After receiving a text response from ChatGPT, we must communicate it to the caller using text-to-speech (TTS) conversion. In our proof of concept, we used Google TTS because it is quick, does not require authentication, and has a Python library available.
This is fine for our proof of concept. However, to make the experience better, we can create a more engaging and enjoyable experience for callers while talking to ChatGPT.
Limitations and Future Improvements
There are some downsides to this approach. The main issue is the waiting time between the caller finishing their prompt and receiving a response. The entire process, from sending the recording to OpenAPI to receiving a sound file from Google TTS, can be lengthy, depending on the prompt and ChatGPT’s response. All the while the caller is waiting in silence.
Another concern is the quality of the text-to-speech conversion using Google TTS. The voice quality may be less than ideal, and it can only process a small amount of text, leading to awkward breaks in sentences and unnatural intonation.

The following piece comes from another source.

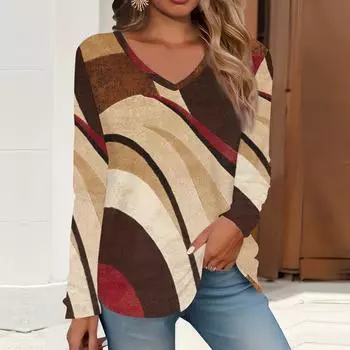 2023 весна и осень новая мода с длинным рукавом повседневная футболка с v-образным вырезом и принтом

To address these concerns, consider the following improvements:
- Use a more natural TTS engine, such as Microsoft Azure Cognitive Services, Amazon Polly or a custom solution like ElevenLabs or Resemble AI.
- Improve processing speed by exploring real-time speech processing. This could significantly reduce waiting times for callers.
While this proof of concept uses AGI scripts, a potentially better approach may be to create a Stasis application to address these limitations.
Try it out!
If you want to speak to ChatGPT for yourself, just call +31532401205 (Dutch)
To try it out for yourself, check out the GitHub repo containing the code and necessary Asterisk configuration.
Integrating ChatGPT with Asterisk can greatly enhance call management capabilities, from routing calls more efficiently to summarizing conversations for quick reference. By considering the limitations and potential improvements, businesses can explore innovative ways to harness the power of AI in their telephony systems.
What does this mean for Speakup? We will be continuing experimenting with this technology. However we also still have a long way to go before we can release a product that uses this technology. We need to address some challenges such as scalability and data privacy before we can release a product that we truly believe in.